You will do this by testing for significant correlations between the speciation rate of Pseudosuchia and global environmental change through geological time.
Over the course of the four workshops you will be guided towards answering the hypothesis by showing you:
The purpose of this workshop is to learn how to conduct correlation analyses between time series, plot the output and test for statistical significance.
For this workshop you will not be exploring any new data, you will just need the saved output from the last workshop.
###DATAMUNGE###
When you see this anything between these tags it means that we’re either altering the data to the required format or working out parameters that are very specific to phylogenetic trees. This is beyond what I would expect you to be able to code yourself so do not worry about it. You will not be expected to code anything this complex for your report analyses so just use it when necessary and try not to overthink it! You might want to rename some variables to avoid over-writing but that is all. The novel aspect of your report should come from the analyses you choose to run and how you choose to present your results.
###/DATAMUNGE###
You will need to load the data you saved after the first workshop.
load("Crocs_Workshop3.RData")
We have one library we need to load.
library(ggplot2)
First we’re going to load a function that will be used to carry out the correlation analyses. Like the data munges, you don’t need to worry about this other than to understand why we use it.
This is a DCCA-based (Detrended Cross Correlation Analysis) test which calculates the correlation coefficient between two time series. Before it does this it detrends the data. eg. temperature tends to have a trend, e.g., there is an overall trend of global cooling in the last 66 MYR. This can lead to false correlations so we need to account for these long-term trends in the analysis. This won’t stop our analyses from revealing correlations that are real but it will prevent these long-term trends from dominating.
DCCA <- function(x,y,s){
xx<-cumsum(x)
yy<-cumsum(y)
t<-1:length(xx)
F2sj_xy<-runif(floor(length(xx)/s))
F2sj_xx<-F2sj_xy
F2sj_yy<-F2sj_xy
for(ss in seq(1,(floor(length(xx)/s)*s),by=s)){
F2sj_xy[(ss-1)/s+1]<-sum((summary(lm(xx[ss:(ss+s-1)]~t[ss:(ss+s-1)]))$residuals)*(summary(lm(yy[ss:(ss+s-1)]~t[ss:(ss+s-1)]))$residuals))/(s-1)
F2sj_xx[(ss-1)/s+1]<-sum((summary(lm(xx[ss:(ss+s-1)]~t[ss:(ss+s-1)]))$residuals)*(summary(lm(xx[ss:(ss+s-1)]~t[ss:(ss+s-1)]))$residuals))/(s-1)
F2sj_yy[(ss-1)/s+1]<-sum((summary(lm(yy[ss:(ss+s-1)]~t[ss:(ss+s-1)]))$residuals)*(summary(lm(yy[ss:(ss+s-1)]~t[ss:(ss+s-1)]))$residuals))/(s-1)
}
rho<-mean(F2sj_xy)/sqrt(mean(F2sj_xx)*mean(F2sj_yy))

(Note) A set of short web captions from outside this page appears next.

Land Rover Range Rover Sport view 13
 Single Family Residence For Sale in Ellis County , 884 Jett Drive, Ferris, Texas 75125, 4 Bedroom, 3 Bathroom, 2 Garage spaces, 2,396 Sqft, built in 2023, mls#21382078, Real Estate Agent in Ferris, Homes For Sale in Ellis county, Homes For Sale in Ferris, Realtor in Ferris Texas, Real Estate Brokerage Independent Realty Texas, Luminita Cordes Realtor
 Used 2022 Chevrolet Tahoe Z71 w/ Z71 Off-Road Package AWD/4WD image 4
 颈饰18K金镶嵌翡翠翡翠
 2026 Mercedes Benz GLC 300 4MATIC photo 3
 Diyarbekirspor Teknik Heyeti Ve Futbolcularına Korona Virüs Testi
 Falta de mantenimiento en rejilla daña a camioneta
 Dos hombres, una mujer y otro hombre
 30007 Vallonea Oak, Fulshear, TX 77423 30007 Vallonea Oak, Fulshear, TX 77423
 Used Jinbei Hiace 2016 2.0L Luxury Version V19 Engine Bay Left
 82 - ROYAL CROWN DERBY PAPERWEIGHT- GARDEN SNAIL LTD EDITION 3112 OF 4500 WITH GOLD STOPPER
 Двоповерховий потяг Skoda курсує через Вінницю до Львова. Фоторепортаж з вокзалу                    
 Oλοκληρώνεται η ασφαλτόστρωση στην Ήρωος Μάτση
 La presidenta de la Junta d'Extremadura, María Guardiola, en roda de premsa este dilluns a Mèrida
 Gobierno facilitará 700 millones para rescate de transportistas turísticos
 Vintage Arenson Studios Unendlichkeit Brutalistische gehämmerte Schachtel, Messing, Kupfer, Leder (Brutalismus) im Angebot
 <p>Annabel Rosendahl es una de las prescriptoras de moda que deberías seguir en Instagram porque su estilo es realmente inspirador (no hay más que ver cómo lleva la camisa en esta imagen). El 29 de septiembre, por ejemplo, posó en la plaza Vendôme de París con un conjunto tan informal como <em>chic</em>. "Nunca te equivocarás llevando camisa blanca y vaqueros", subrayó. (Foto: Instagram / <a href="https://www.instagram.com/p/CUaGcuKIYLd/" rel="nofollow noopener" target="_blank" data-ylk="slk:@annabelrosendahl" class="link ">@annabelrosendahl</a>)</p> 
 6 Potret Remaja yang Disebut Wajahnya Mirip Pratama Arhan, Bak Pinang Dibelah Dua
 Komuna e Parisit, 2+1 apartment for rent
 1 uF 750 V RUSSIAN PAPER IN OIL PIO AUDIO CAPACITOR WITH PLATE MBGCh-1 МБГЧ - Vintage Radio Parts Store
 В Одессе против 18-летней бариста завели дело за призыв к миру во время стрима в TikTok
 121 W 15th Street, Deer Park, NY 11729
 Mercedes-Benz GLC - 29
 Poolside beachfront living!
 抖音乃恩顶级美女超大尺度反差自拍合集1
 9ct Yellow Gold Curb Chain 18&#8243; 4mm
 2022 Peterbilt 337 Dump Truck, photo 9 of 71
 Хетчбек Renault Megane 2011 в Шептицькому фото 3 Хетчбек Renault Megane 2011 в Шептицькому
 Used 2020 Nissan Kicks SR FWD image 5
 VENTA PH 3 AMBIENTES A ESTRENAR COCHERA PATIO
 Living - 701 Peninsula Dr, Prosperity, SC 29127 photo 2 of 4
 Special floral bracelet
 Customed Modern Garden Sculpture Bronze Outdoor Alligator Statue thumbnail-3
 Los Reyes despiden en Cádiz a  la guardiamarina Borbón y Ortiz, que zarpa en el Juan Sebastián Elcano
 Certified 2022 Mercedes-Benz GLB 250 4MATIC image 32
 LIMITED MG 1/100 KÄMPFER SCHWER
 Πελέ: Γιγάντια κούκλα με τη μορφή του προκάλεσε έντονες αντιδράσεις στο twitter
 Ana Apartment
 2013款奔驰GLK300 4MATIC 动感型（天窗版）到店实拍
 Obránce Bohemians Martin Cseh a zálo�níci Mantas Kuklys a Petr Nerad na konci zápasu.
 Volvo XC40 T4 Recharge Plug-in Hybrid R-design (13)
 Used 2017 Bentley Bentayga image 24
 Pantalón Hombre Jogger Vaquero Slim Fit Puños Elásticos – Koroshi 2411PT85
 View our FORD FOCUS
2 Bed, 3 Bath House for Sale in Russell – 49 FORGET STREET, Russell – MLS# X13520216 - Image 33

return(c(rho,1/sqrt(length(xx)),1-pnorm(abs(rho),mean=0,sd=1/sqrt(length(xx)))))
}
###DATAMUNGE###
The subtree gets shifted to an arbitrary zero, so we need to reverse time and then shift to the correct node age, otherwise it will project into the future instead of starting in the past!
# Here we flip the times by subtracting the maximum from each time then we take the absolute to get rid of the minus sign. So 0 - 228 becomes 228 - 0.
times = abs(rtt_T$times-max(rtt_T$times))
# Calculate number of simulations in our diversification data
numberOfSims = length(rtt_T$lambda)/length(rtt_T$times)
###/DATAMUNGE###
Now let’s get started with our analyses!
Remember that we have two sets of environmental data - temperature & sea level - so we’ll be running correlation analyses for both.
We’re not going to do the full correlation with all 9,001 BAMM simulations due to time constraints so we’ll set the number of samples to 100. If you have time and/or enough computational power you can try increasing this as more is always better. Consider increasing it for your report.
numberOfSamples = 100
Now we need to store the correlation coefficients for each simulation in BAMM. NA is ‘empty’ ready for the correlation coefficients to be stored.
cors_temp_T <- rep(NA, numberOfSamples)
cors_seaLevel_T <- rep(NA, numberOfSamples)
Now we are setting a random seed. This isn’t essential for the code but we’re doing it to make sure that you all get the same results for the workshops, otherwise it’ll be harder for you to compare what you’re doing with your peers. Once you’ve got the correlations working you could try changing the seed or commenting it out if you want to see how it changes your results.
set.seed(1)
Now we’re generating the random sample (that we set to 100 a couple of lines back) drawn from the 9,001 that we have in total.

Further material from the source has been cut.